Sewage release in Juneau harbor will cost Holland America $2 million


Dumping 20,000 gallons of untreated sewage into the waters off downtown Juneau two years ago will cost Holland America more than $2 million.

The cruise line agreed to plead guilty to an illegal discharge witnessed in August 2002 from the ship Ryndam, announced U.S. Attorney for Alaska Timothy Burgess and Coast Guard Rear Adm. James C. Olson on Tuesday in Juneau.

The plea is scheduled to be entered Monday in U.S. District Court in Juneau. The company has agreed to pay the maximum $200,000 fine, but will pay more than twice that in restitution in Southeast Alaska, Burgess said. The biggest payout will set up new environmental safeguards aboard all of the company's cruise ships.

The agreement also calls for Holland America to be placed on probation for three years.

"No one's going to jail," Burgess said, explaining that the crime was charged as a misdemeanor and accurately reflects the Aug. 17 dumping incident involving the Holland America ship while it was docked.

"We all need to continue working as a team to ensure Alaska's waters remain clean," Olson said.

The incident was investigated after a Juneau resident reported seeing a bubbling brown substance near the ship. People in the community "often act as our eyes and ears," he said.

The conviction is significant as the first to arise from federal legislation passed in 2000, Burgess said.

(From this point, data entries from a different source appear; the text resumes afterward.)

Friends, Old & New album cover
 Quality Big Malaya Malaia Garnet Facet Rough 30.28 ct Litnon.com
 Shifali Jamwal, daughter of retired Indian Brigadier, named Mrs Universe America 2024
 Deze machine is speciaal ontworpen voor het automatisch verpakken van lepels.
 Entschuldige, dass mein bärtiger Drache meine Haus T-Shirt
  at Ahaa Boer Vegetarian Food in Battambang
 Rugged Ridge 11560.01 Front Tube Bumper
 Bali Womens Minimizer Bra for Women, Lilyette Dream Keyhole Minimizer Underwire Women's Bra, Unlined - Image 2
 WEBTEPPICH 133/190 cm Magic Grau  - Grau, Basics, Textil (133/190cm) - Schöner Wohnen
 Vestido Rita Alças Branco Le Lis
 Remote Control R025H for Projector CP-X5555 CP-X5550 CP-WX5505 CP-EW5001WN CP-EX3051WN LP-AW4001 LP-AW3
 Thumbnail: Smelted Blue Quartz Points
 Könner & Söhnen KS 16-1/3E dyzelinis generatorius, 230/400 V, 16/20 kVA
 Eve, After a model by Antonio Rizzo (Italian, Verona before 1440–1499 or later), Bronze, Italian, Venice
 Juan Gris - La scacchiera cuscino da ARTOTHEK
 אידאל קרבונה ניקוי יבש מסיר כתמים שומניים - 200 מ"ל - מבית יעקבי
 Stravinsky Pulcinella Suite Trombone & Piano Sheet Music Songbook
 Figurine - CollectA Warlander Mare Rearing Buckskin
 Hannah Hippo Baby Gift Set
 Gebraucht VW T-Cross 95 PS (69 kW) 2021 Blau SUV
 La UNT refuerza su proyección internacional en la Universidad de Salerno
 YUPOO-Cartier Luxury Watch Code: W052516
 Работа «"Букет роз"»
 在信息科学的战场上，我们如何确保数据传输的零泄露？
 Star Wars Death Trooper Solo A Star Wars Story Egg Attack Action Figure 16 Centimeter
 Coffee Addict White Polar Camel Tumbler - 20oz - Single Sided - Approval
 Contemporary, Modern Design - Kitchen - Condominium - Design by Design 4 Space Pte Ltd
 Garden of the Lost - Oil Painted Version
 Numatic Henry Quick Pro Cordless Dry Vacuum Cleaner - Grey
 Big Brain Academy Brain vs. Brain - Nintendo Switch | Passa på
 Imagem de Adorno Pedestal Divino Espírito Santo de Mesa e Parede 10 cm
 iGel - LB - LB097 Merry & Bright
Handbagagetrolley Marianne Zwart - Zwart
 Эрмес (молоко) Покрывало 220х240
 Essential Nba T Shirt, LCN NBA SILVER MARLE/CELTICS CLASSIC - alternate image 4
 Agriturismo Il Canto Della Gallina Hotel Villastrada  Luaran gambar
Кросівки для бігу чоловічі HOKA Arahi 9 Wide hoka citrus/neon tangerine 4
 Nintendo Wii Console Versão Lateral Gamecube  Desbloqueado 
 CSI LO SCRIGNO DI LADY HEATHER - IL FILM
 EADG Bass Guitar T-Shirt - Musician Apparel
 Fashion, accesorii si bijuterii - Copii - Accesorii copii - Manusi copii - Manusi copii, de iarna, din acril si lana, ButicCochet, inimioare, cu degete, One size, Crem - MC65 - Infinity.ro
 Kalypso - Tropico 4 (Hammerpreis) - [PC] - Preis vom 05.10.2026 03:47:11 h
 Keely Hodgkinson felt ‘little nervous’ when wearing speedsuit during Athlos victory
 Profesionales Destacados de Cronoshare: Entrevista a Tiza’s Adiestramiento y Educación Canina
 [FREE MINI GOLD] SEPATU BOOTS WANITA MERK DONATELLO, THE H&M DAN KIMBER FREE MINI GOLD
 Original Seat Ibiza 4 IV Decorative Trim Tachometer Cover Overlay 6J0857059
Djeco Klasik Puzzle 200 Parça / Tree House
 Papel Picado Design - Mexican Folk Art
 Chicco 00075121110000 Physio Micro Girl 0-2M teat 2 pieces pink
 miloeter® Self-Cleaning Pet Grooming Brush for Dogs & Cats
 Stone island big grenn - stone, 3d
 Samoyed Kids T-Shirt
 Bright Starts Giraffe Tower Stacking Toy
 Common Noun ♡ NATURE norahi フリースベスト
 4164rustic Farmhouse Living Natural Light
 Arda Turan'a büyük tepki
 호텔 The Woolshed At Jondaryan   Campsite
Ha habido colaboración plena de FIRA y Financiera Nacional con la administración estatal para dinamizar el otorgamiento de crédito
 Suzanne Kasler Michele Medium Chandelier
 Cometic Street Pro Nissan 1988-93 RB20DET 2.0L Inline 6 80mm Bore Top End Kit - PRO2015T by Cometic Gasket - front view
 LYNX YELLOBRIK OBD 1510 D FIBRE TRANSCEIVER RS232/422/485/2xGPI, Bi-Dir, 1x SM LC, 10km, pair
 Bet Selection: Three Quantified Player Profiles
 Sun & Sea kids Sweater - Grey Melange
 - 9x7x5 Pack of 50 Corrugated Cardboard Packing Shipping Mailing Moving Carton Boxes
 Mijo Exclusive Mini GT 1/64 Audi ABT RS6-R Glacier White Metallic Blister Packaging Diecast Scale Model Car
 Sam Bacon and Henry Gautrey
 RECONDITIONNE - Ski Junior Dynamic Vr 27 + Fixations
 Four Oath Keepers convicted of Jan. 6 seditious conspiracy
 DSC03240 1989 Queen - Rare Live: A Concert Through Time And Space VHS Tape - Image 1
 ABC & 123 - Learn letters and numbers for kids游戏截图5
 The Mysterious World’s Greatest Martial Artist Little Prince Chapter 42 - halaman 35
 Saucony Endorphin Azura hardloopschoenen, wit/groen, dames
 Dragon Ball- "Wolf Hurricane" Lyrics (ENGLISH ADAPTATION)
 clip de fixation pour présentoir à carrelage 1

John Shively, governmental and community relations vice president for Holland America Line, said the company apologizes to the people of Juneau and the incident shouldn't have happened.

"It was clearly an accident," he said. "That's why it was charged as a misdemeanor."

He said the dumping involved a new process in which waste was being put into a holding tank. The person handling the task met with a government official who came on board and left before the job was done, and nobody followed up on the process before the spill occurred.

In addition to the $200,000 fine, a $500,000 contribution to the National Forest Foundation and a $1.3 million investment in environmental compliance, Shively noted the company also will pay a $65,000 civil penalty to the state.

The $500,000 to the nonprofit National Forest Foundation will be used in reducing the amount of untreated sewage and other pollutants that enter the watersheds and coastal environment in Southeast Alaska, according to the agreement.

Burgess said that will go toward keeping Alaska waters pristine. Money from fines just goes into the national treasury, he added.

Holland America Line is a part of Carnival Corp., recognized as the world's largest cruise operator. For the nine months ending Aug. 31, Carnival Corp. revenues were $7.49 billion and net income was $1.56 billion, according to Forbes.com.

Gov. Frank Murkowski said he was pleased with the settlement.

"While we do not believe this discharge should have occurred, it is important to note that Holland America has installed advanced wastewater systems on most vessels visiting Alaska," he said in an official statement.

He added that while in the U.S. Senate, he sponsored the legislation under which Holland America was prosecuted. "With the benefit of the wake-up call provided by this incident and the protections this settlement will bring to Alaska waters, we accept Holland America's commitment to protect our marine environment."